Дневники Льва Толстого - стр. 5
Проблема в том, как мне достучаться до меня, в простом смысле, попросить меня что-то сделать, не переедать, не напиваться лишнего. Надо хотя бы не переставать удивляться сначала себе, тогда не останется времени удивляться другим, и чужая неприступность растает. Тогда все другие станут говорить тебе, в твою бездарность, и помогать выбраться, как Раджнишу нечего было дать людям, кроме нужды в них, – своей, такой острой, что он не мог без них. Ты видишь себя косым сонным зрением держащего заключенного в тюрьме и самим этим заключенным. Это двойное зрение спутывает карту и календарь, возвращает всё из врастания в метрику, оставляя без привычной ориентации, хотя конечно становится не видно, что ты делаешь и чего хочешь, где работаешь. Например, что ты делаешь. Хочу спасения. Где оно. Только в необеспеченной мысли. Почему так. Я не знаю. Ригведа, которой занимались прошлый семестр[1], может быть последний остаток (церковное ритуальное закрепление) не записывавшей себя мысли. Показать может только долгий разбор, опора на близкое необходима, и я хочу найти ее у Льва Толстого, и по причине, которую я скажу, прежде всего в его дневниках.

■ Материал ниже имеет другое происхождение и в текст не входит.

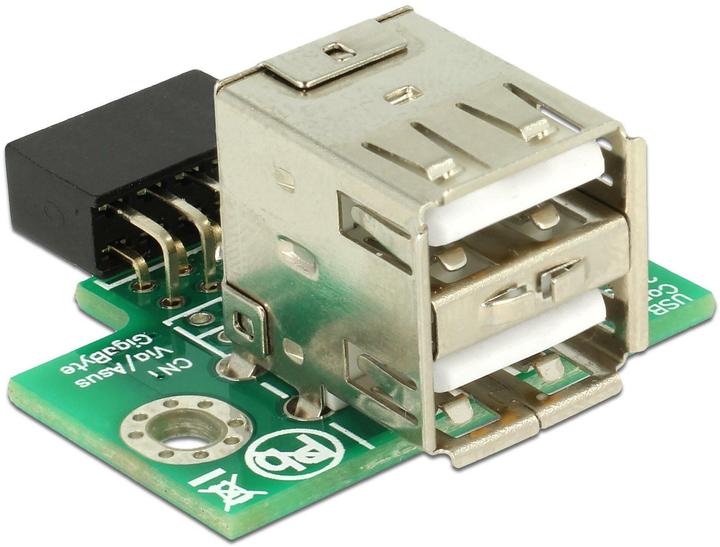Produktbild Delock USB Buchse zu 9 Pin Pfostenbuchse (USB 2.0)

Необходимость простоты, чтобы не запутаться, представляется сразу. Главная помеха простоте – боязнь подставиться, показаться наивным. Толстой не боялся сравниться с народом. Оглядка раздваивает. Она же и показывает, что дела в руках собственно нет. Выход на сцену предполагает дело, и когда дела в руках нет, делом оказывается именно простота. Предсказание, расписание не наше дело. У нас всегда как бы только один день. Или еще точнее. В Ригведе мы встретили явственное неразвертывание метрики, пространства и времени. В. Н. Топоров говорит, что в России компьютер мог прийти и 1000 лет назад, и всё было бы в порядке, и, наоборот, еще через тысячу лет. Греция, думает он как я, скользнула уже в запись, т. е. раньше-позже и на нём начала располагать ленту событий. В греческой культуре уже не наблюдается слой, который соответствовал бы Ригведе, кроме отчасти Пиндара. Время не собирается, а вбирается в момент предельного усилия, которое потесняет смерть. Век-вечность, эон – жизненная сила, не отменяемая смертью[2]. Вневременность будет вывертываться и переходить в безвременье. Безвременье данность, ранний простор не данность, он добывается успехом, ради него всё, потому что он, когда достигнут, может уже вместить всё. Он никому ничем не обязан и ни от кого ничего не ждет. Он начинает и ведет.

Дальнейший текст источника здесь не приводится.